2017-05-03 Thread Michael Biebl
Am 03.05.2017 um 11:11 schrieb Hans:
> Hello all,
> 
> I have installed suricata on my system, but it will not start at boot.
> 
> When I manually start it, it is working well.
> 
> As the document advises, I copied  /lib/systemd/system/suricata.service to 
> /etc/systemd/system/suricata.service and tested with

You only need to copy suricata.service to /etc if you want to change its
contents. Even then, often drop-in snippets are preferrable, which only
override/extend the parts you need

> systemctl start suricata.service
> 
> "ps -aux | grep suricata" showed me the running process. But after reboot, 
> the 
> process is not started automatically. As init is no more supported by 
> suricata, but systemd,

The suricata package still ships a SysV init script, but if a systemd
service file exists, it takes precedence.
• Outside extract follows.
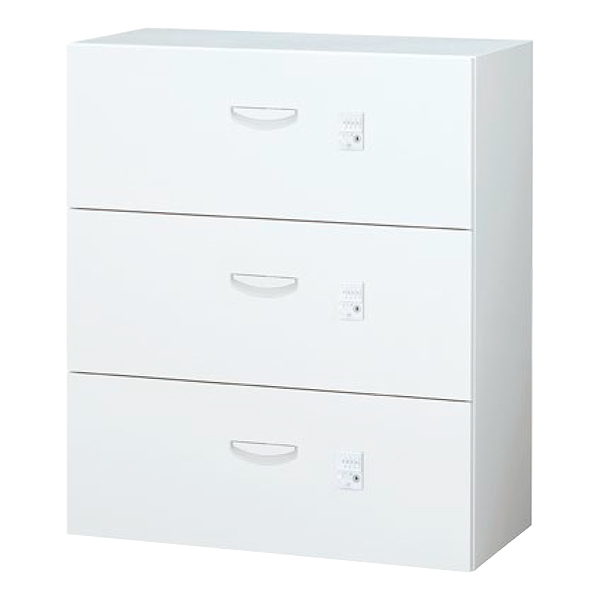 各段施錠3段ラテラルキャビネット/下置用/ダイヤル錠/RW45-310KD-D2/幅900×奥行450×高さ1050mm/ホワイト/クウォールRWシリーズ/72101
 how can I add this service into systemd, so that it is
> started automatically at boot? I am still not quite experienced with systemd.

systemctl enable suricata.service

will do the trick. That should be done by the package though.
I see you already filed a bug report [1] for that. The package should be
using init-system-helper/dh_systemd to help automate that.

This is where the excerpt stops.